Removing words which contains only 'x' as repeating pattern using regex

Question

I have a following text:

text = "upi xxxxxxxxxx manoj jayant xxx xxxxxxx532kvblhii"

I am trying to remove repeating pattern with word only containing x to get the ouput as below:

out = "upi manoj jayant xxxxxxx532kvblhii"

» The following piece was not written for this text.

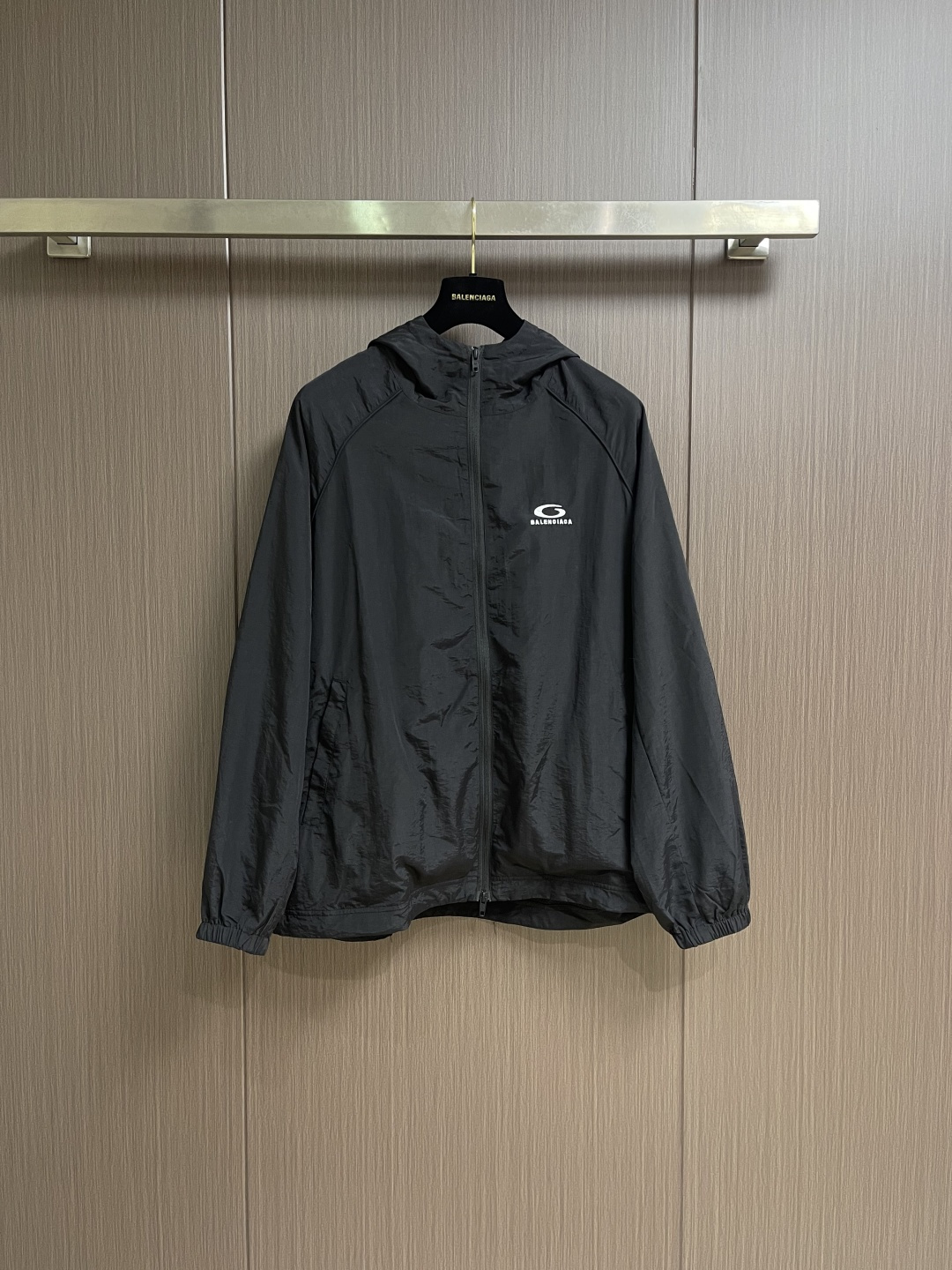 Balenciaga 刺绣标识连帽防风夹克外套，采用进口特供高密锦纶面料打造，经过防泼水面料处理，质地轻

I have used following regex which is giving wrong output

re.sub('[x]', '', text)

out = "upi  manoj jayant 532kvblhii"

Please help me to correct my regex.

Answer 1

Use word boundaries to indicate only words consisting entirely of x :

text = "upi xxxxxxxxxx manoj jayant xxx xxxxxxx532kvblhii"
out = re.sub(r'\s*\bx+\b\s*', ' ', text)
print(out.strip())

This prints:

upi manoj jayant xxxxxxx532kvblhii

The logic here is to insist on matching xxx only as entire words. We also consume all whitespace on either end, and then replace with just a single space, to keep the separation between other surrounding words. There is an edge case in doing this, which is that extra spaces might be left remaining at the start and end of the output, which we then strip off.

Answer 2

You can use a regex and a non-regex approach:

# Without regex:
text = "upi xxxxxxxxxx manoj jayant xxx xxxxxxx532kvblhii"
print( " ".join([x for x in text.split() if x != len(x) * x[0] ]) )
# => upi manoj jayant xxxxxxx532kvblhii

# With regex:
import re
print( re.sub(r'\s*\bx+\b', '', text).lstrip() )
upi manoj jayant xxxxxxx532kvblhii

See the Python demo and the regex demo .

No-regex solution details

• text.split() is used to split the string with whitespace
• if x != len(x) * x[0] means that we discard all words that contain the same amount of its first character as there are chars in the word.

Regex details

• \s* - zero or more whitespaces
• \b - a word boundary
• x+ - one or more x chars
• \b - a word boundary.

Note the .lstrip() is only needed when the xxx word appears at the start of the string and there might be a chance of unwelcome leading whitespace.